Saddam has never had one good word about Pakistan, certainly has never supported Pakistan on Kashmir. In contrast he has always been a good friend of India. During the Gulf War he parked all his civilian aircraft fleet in India, recently he asked for Indians to be on the UN inspection team. And why Indians of all the nationalities one may ask? Was it to blackmail the Indians from doing proper inspection? Could it be the Indians have been helping develop his nuclear weaponry? Which leads us to the half a dozen or so Indians who died in the Israeli raid that knocked out Iraq’s nuclear reactors at Osirik in 1982, what were they doing there? Putting it bluntly, we may have sympathy for the Iraqi people; they are as much victims of Saddam’s sadism as Iraq’s poor neighbours, but not for Saddam Hussain. The Baath Socialist Party is a secular entity giving only lip service to Islam when it suits them.
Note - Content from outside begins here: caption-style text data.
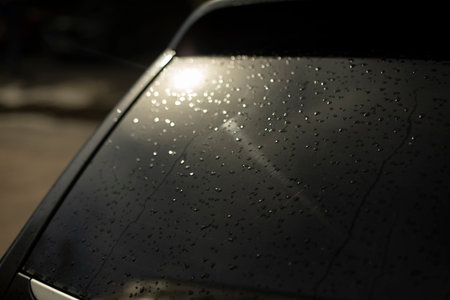 Black car rear window. Drops on rear window of transport. light on car window. Black Machine Parts.の写真素材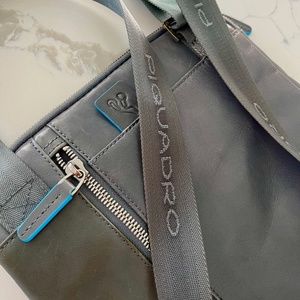PIQUADRO authentic soft grey and bright blue men's hand bag; beautiful condition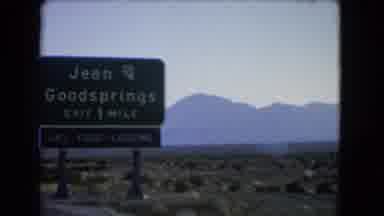 Las Vegas Nevada (1966): Driving Down Road In Rural Landscape Past Texaco Sign And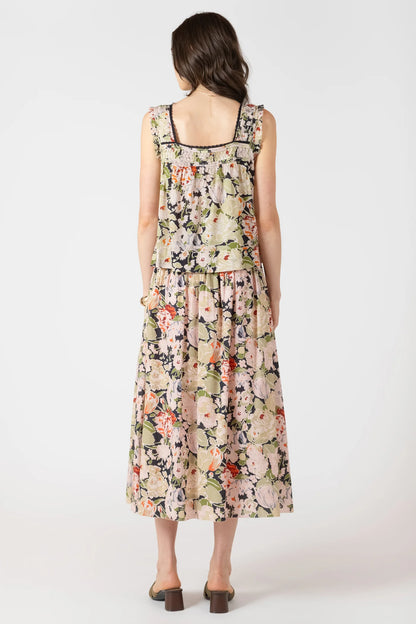 Woman wearing a floral dress on a white background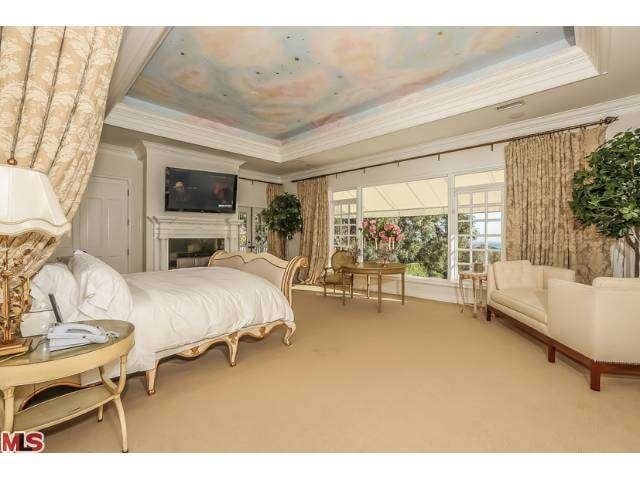 This well-appointed bedroom is one of seven in the home.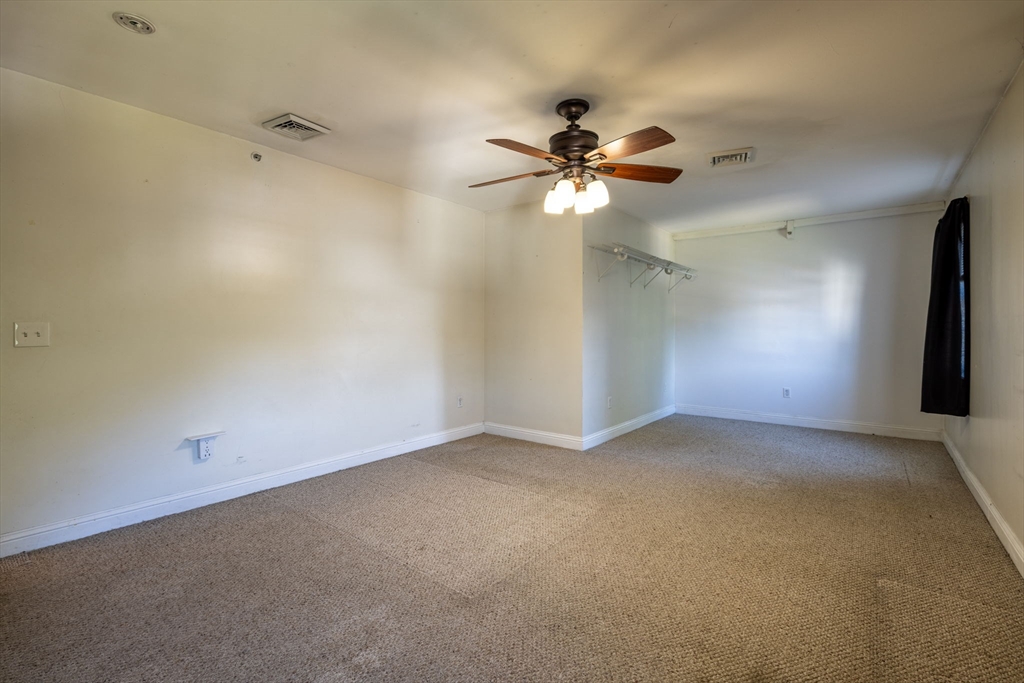 1556 North Main Street, Unit 10 Fall River, MA 02720 - Photo 17 of 30 an empty room with windows and fan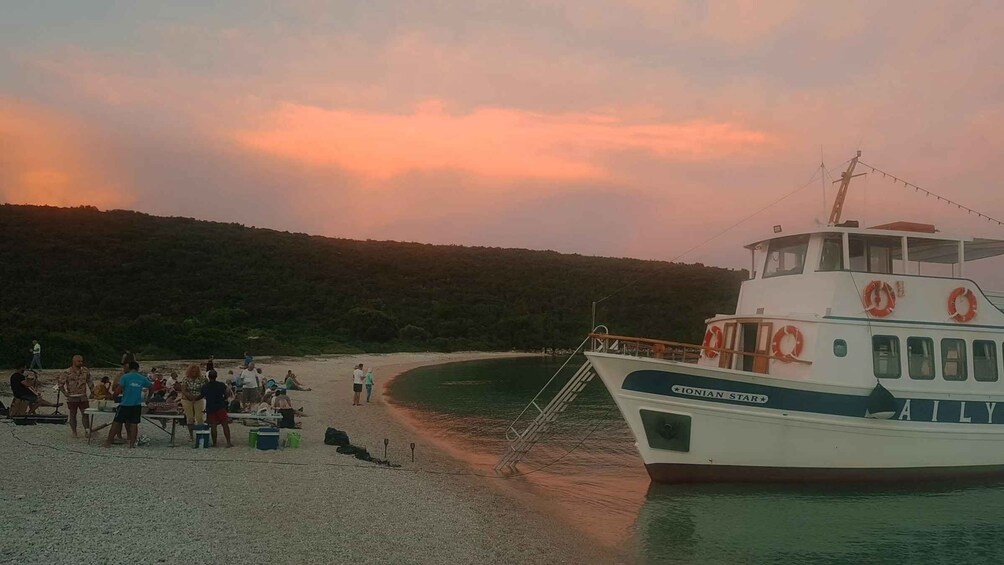 A boat named 'IONIAN STAR' docked at a beach with people gathered on the shore. 4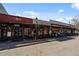 Street view of Roux, a local restaurant, with outdoor seating and a vibrant atmosphere at 4335 Halifax Ne Ter, Roswell, GA 30075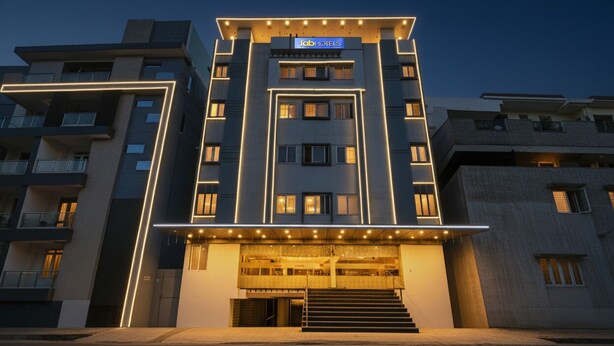 Een modern hotel met een centrale ingang, verschillende verdiepingen en een opvallend bord.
Since Saddam and his present cronies have a known record of atrocities both at home and abroad, and on whose hands “weapons of mass destruction” will be an invitation to disaster, sooner rather than later, the US should seek a UN resolution declaring Saddam Hussain and his close aides as “international outlaws”. Muslims will certainly be emotional about the Iraqi people, so why not separate Saddam’s fate from theirs? And if Iraq has to be occupied for some time to give time for a successor regime to be legitimized by a free vote of the Iraqi people, many muslim countries on Iraq’s borders should be part and parcel of the occupation forces; this will calm and assuage Muslim fears about US long-term economic intentions. If a war has to be waged to punish Saddam for his crimes against humanity, and to pre-empt further worse crimes in the offing, the war has to be focused on Saddam so that the punishment is only for him and not the Iraqi people, suitably adjusting Dostovesky’s “Crime and Punishment” to reflect “Crime, War and Punishment”.